*What the task requires*
Only some lines are wanted. Transcribe, exactly, the lines below from the line with "Departamento moderno, cómodo" up to and including the line with "The best smart".

*Dataset entries*
■ ■ ■
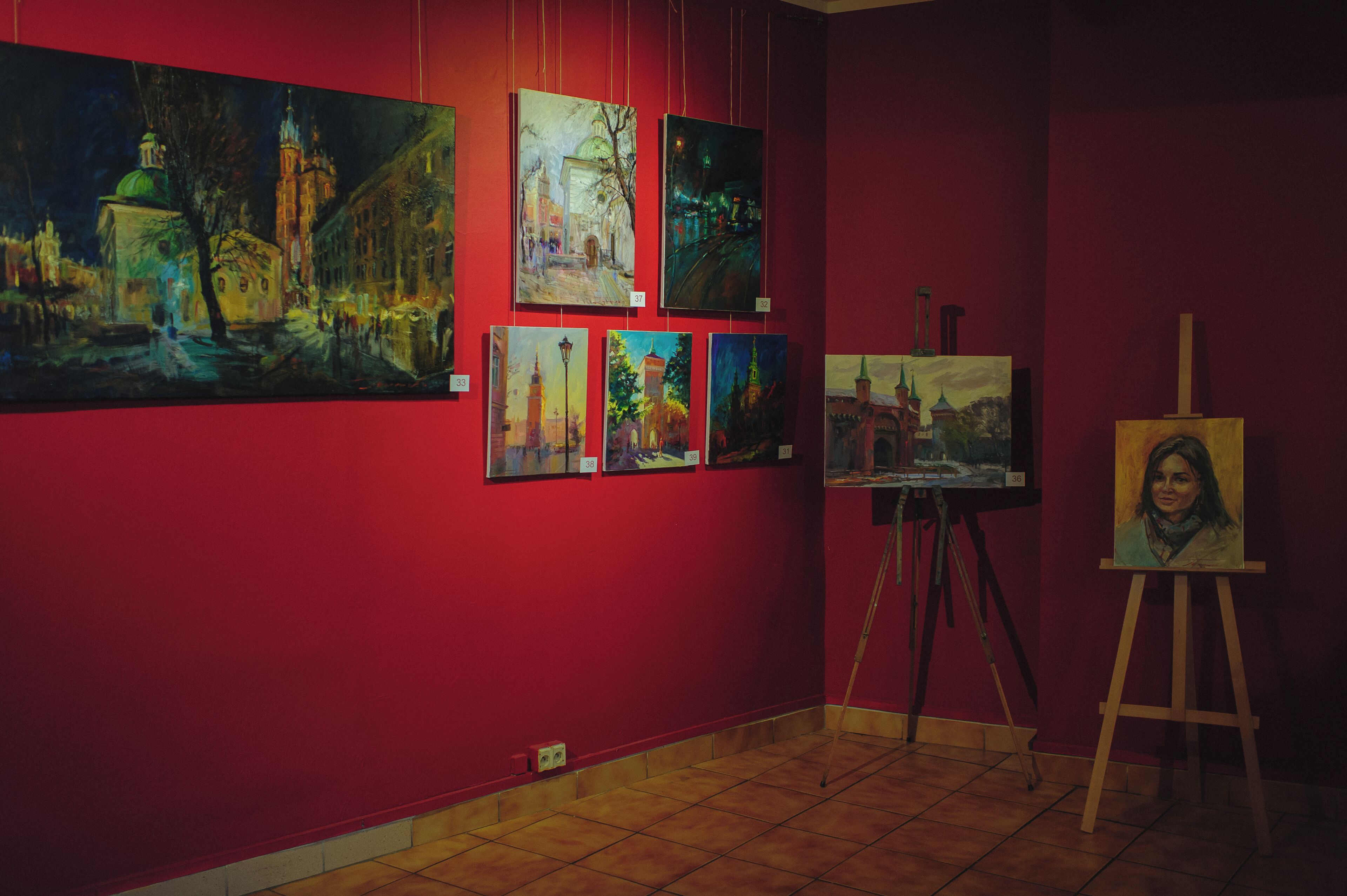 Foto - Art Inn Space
■ ■ ■
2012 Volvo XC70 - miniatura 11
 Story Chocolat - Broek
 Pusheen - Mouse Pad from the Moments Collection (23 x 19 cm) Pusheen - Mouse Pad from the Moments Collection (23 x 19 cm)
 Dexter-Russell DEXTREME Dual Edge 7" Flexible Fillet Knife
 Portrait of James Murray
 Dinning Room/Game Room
■ ■ ■
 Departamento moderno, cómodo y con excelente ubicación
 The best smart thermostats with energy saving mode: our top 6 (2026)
■ ■ ■
*Answer to the exercise*
 Departamento moderno, cómodo y con excelente ubicación
 The best smart thermostats with energy saving mode: our top 6 (2026)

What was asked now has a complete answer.